I Saw Sicko
Posted by Gerald on July 18, 2007
Rather than my usual Wednesday evening at home, I joined some good friends for dinner and a movie. The film was Sicko. I liked the movie. Being one of the godless, America-hating, treasonous liberal hordes I’ve enjoyed Michael Moore’s films, although I do feel that at times he lets himself get in the way of the message. I didn’t see so much of that here. The themes have been well-explored elsewhere - this is an examination of the problems with the American health care system. Like Moore’s other efforts, though, there is also an examination of what America is.

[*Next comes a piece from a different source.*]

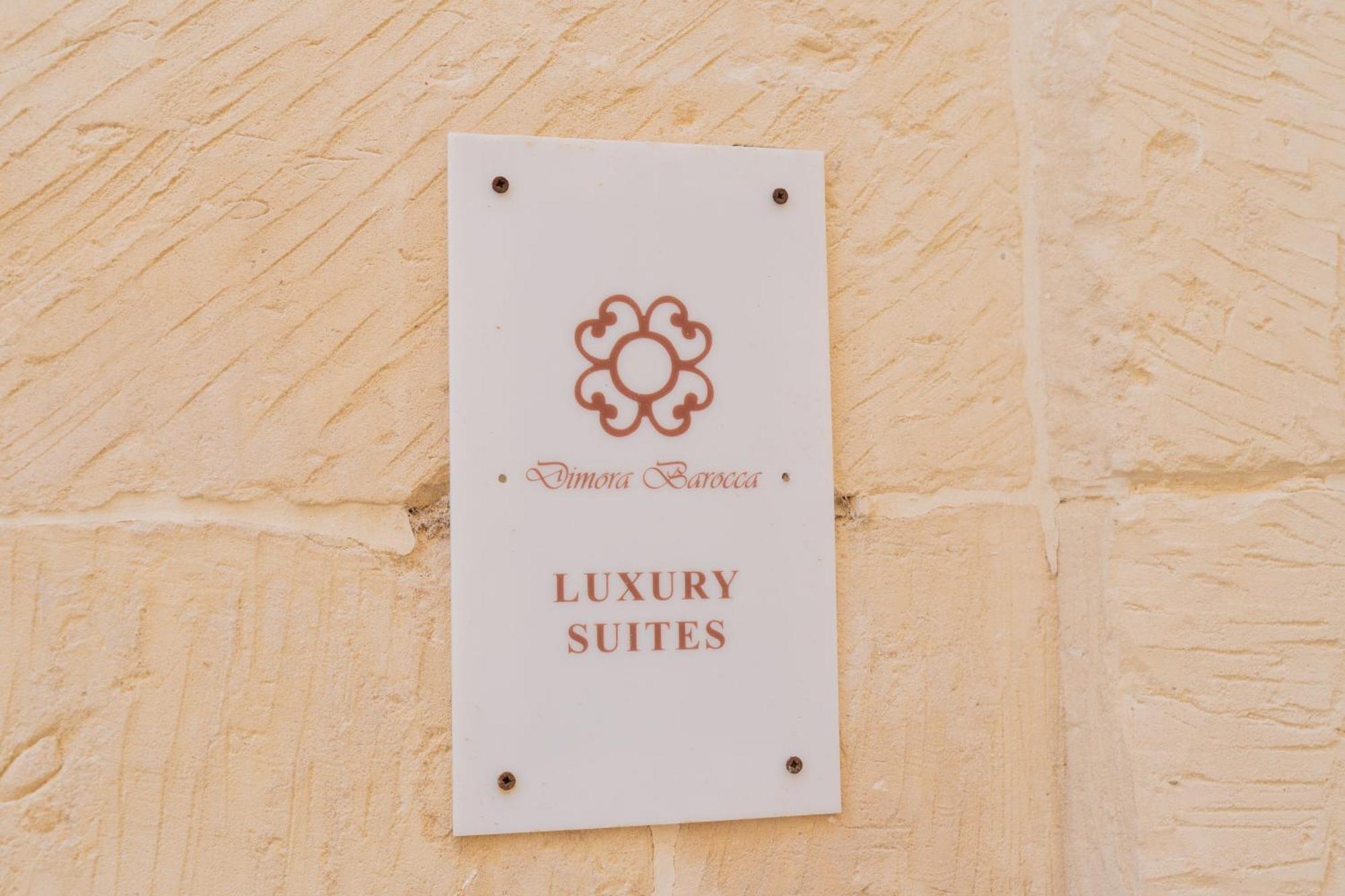 Dimora Barocca Luxury Suites เลชเช ภายนอก รูปภาพ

Two themes really emerged. The first, and the one that is really still echoing inside me, is disillusionment. The people he looked at in this film were folks that worked hard, played by the rules, payed for insurance because they were told that was how you protect yourself and your family, and were well and truly screwed by HMOs and the medical industry. It is easy to criticize these people for being naive when they talk about how they thought “insurance companies were there to help people.” Then again, that is exactly what the companies say, and that is the only option any of us are given to deal with health crises. The disillusionment grows as Moore compares our system with those in Canada, Britain, France, and - ultimately - Cuba. It is true that Moore tend to gloss over some of the difficulties associated with those systems, but still one cannot but feel disappointed in our country by comparison.

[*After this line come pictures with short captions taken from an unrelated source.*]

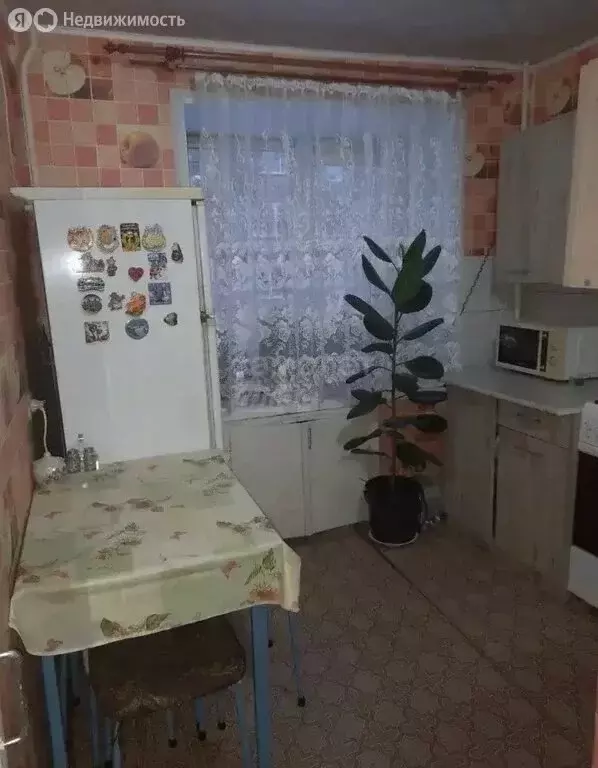 2-комнатная квартира: Медногорск, Комсомольская улица, 18 (41 м) - Фото 2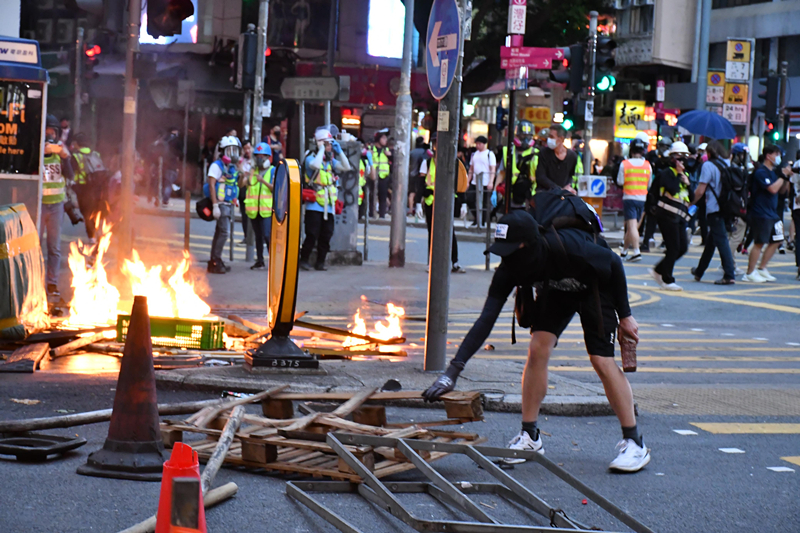 �亂港�分子想投奔英美，被罵�滾回中國�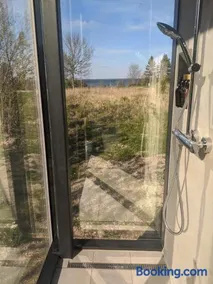 Seaside getaway in Ööd mirror house with sauna - Image 2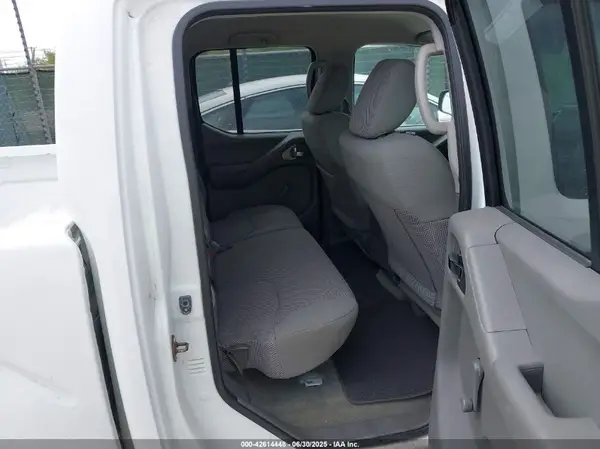 1N6AD0ER8GN745475 2016 NISSAN NAVARA (FRONTIER) - Image 8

The other theme is the glory and the poison of this society - individualism. Moore keeps asking how we can have a system where people are denied life-saving treatments, where inadequate effort is given to preventing people from getting sick to begin with, and where hospitals send indigent patients in cabs to “skid row” medical clinics because they cannot pay. The answers point at corporations and government, but ultimately they point at us. We have swallowed the American Delusion of individual success. We have rejected the idea that we have any duties to other people just because they are in our community. We ask “why should I have to pay for her problems.” The Conservatives have sold most of this country on the idea that no one should have to do anything for anyone else as a matter of duty - only of choice. They did so by playing on the core values of Americans - individual rights, freedom, and success (life, liberty, and the pursuit of happiness.)
Moore’s final conclusion isn’t original but it is no less true for that - we won’t solve the health care problem, or any other of our problems, until we start thinking of “us” rather than “me.”